Other details shows that there has only been 47% of total payments made - just 745 of the 1564 payments - indicating that the process of acquiring what’s needed is demonstrating to be much harder than expected.

Euston Station after HS2 has been built
Euston Station after HS2 has been built. Picture: PA

Michael Byng, an infrastructure consultant who created the method used by Network Rail to cost its projects, told LBC that he knows HS2 only budgeted around £2.2bn for this cost - less than half of what is needed.

Speaking to Nick Ferrari, he said: "I'm not surprised by this. The independent assessment I did for the costs of HS2 phase one suggested the cost of property was going to be at least £5bn, based on the work I did at Euston and along the phase one project."

Asked if he believes HS2 could come in on budget, he said: "On either the property budget or the total budget of £27.18bn, it's extremely unlikely.
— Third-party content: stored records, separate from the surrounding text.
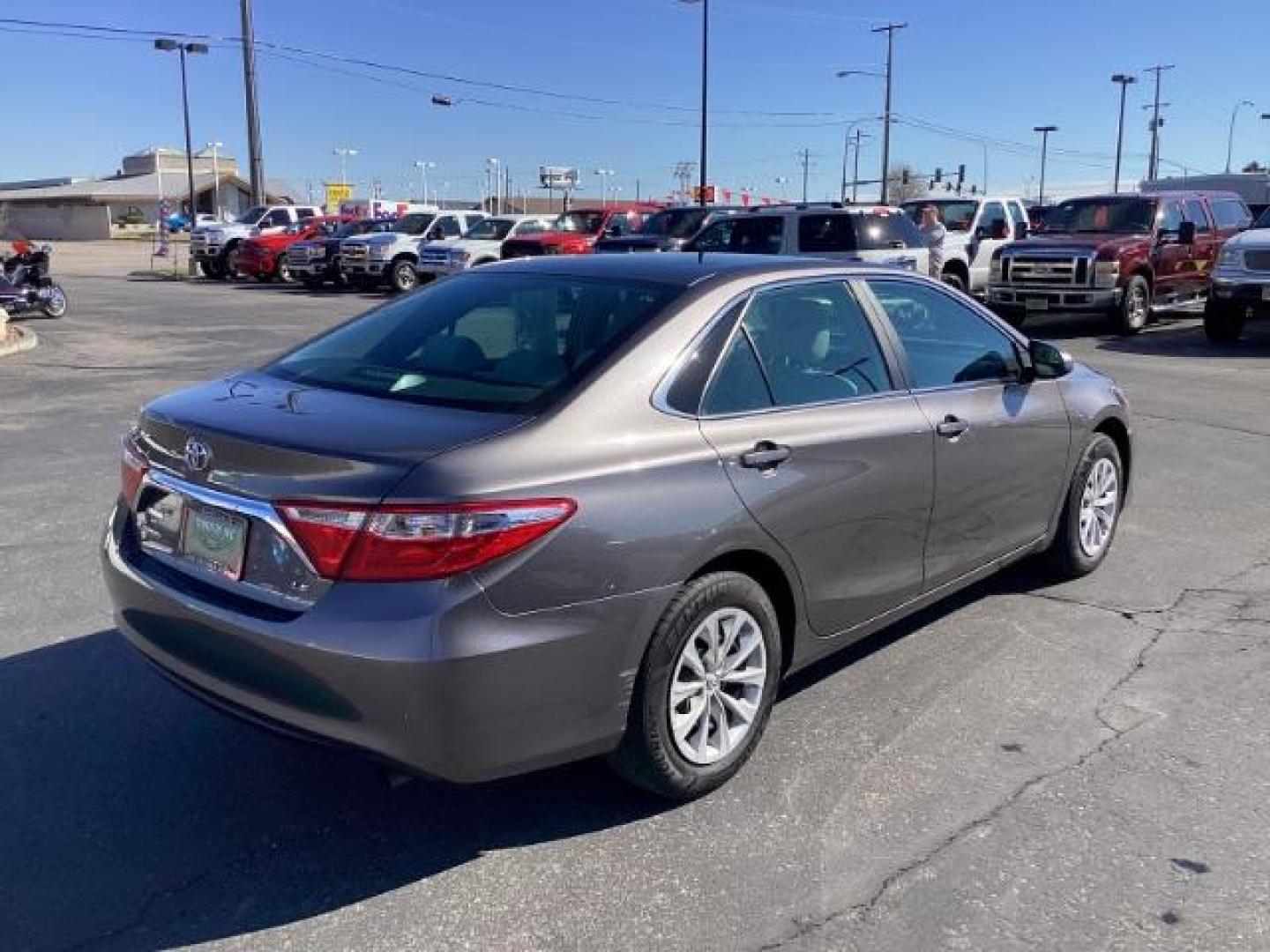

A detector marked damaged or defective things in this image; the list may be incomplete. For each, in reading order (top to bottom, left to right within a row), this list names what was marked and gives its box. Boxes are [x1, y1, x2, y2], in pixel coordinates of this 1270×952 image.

crack in asphalt [751, 571, 1270, 949] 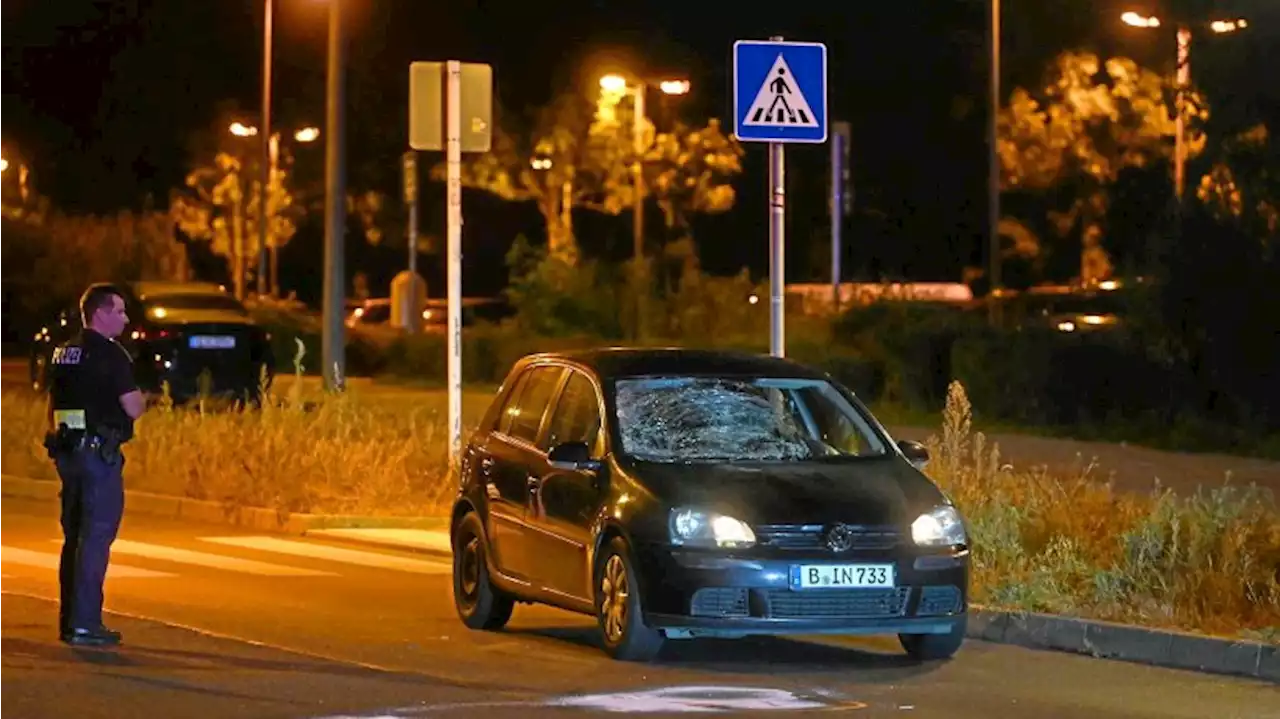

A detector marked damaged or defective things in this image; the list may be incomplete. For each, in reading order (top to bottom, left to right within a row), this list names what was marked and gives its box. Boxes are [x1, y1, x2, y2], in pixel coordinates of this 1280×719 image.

damaged windshield [612, 374, 888, 464]
shattered glass [616, 376, 884, 462] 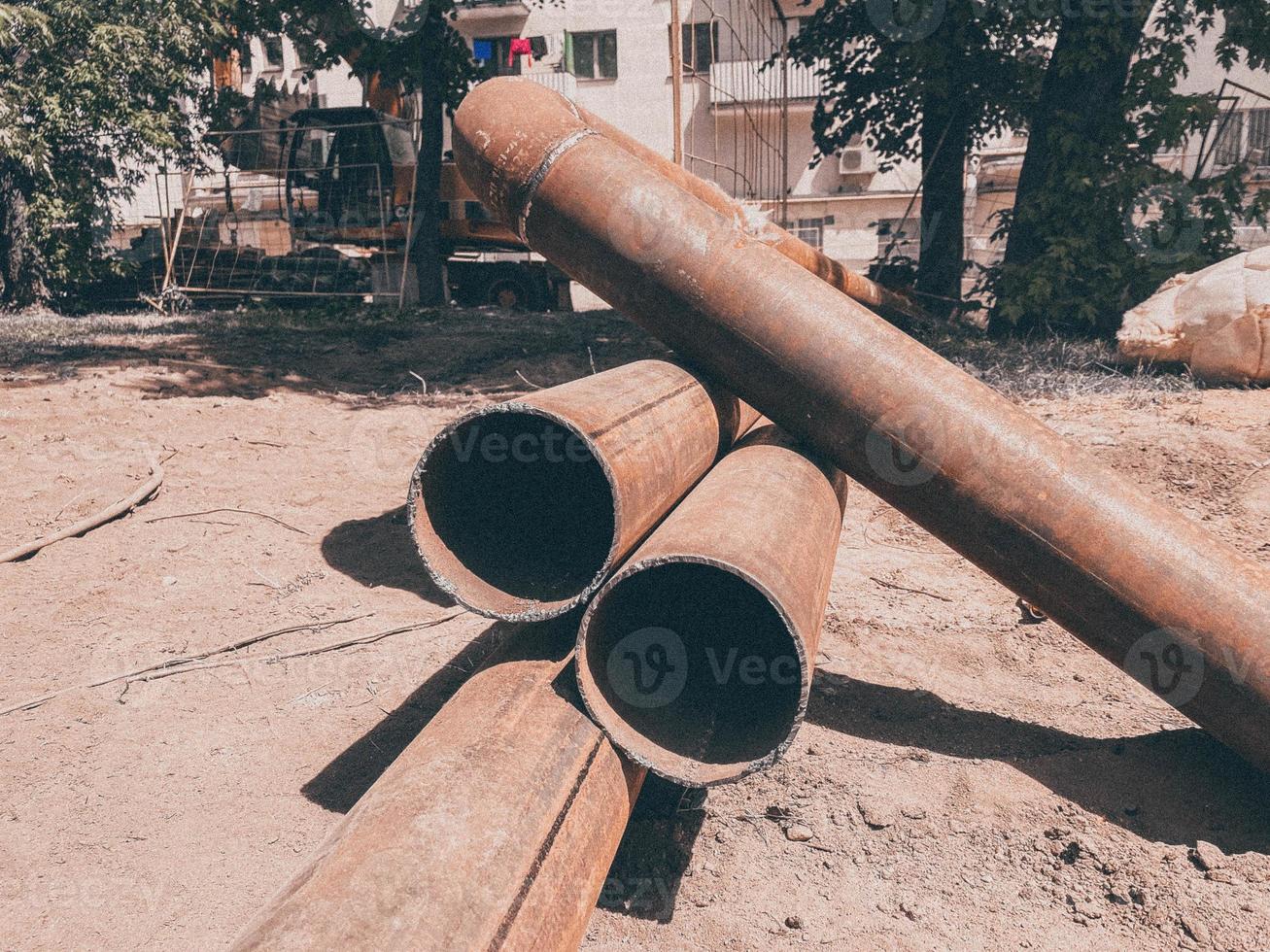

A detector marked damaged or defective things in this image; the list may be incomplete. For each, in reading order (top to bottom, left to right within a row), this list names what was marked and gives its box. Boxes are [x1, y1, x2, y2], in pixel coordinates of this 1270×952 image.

rusty steel pipe [567, 100, 925, 324]
corroded metal pipe [567, 100, 925, 324]
rusty steel pipe [410, 361, 758, 622]
corroded metal pipe [410, 361, 758, 622]
corroded metal pipe [575, 427, 840, 785]
rusty steel pipe [579, 427, 847, 785]
corroded metal pipe [455, 80, 1270, 773]
rusty steel pipe [455, 78, 1270, 777]
rusty steel pipe [229, 622, 645, 948]
corroded metal pipe [229, 618, 645, 952]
It never was likely to come into that budget, simply through the plans that HS2 posted on the DfT website.

"The disparity between the likely costs, which I believe is just under £56bn for phase one alone and the government's funding envelope of £27.18bn is far too great.

"If you wanted to take 5-10% off it by economies, value engineering, reducing scope, you could do it, but by halving the cost, it's very difficult to see how you could maintain the same scheme."

HS2 said in a statement: "The cost of the land acquisition programme reflects changes to scope, land value and parliamentary amendments that took place during the passage of the HS2 Bill in 2016.

"The report shows we now have a reasonable estimate of costs that we are delivering within our budget. We are confident we will be able to keep doing that."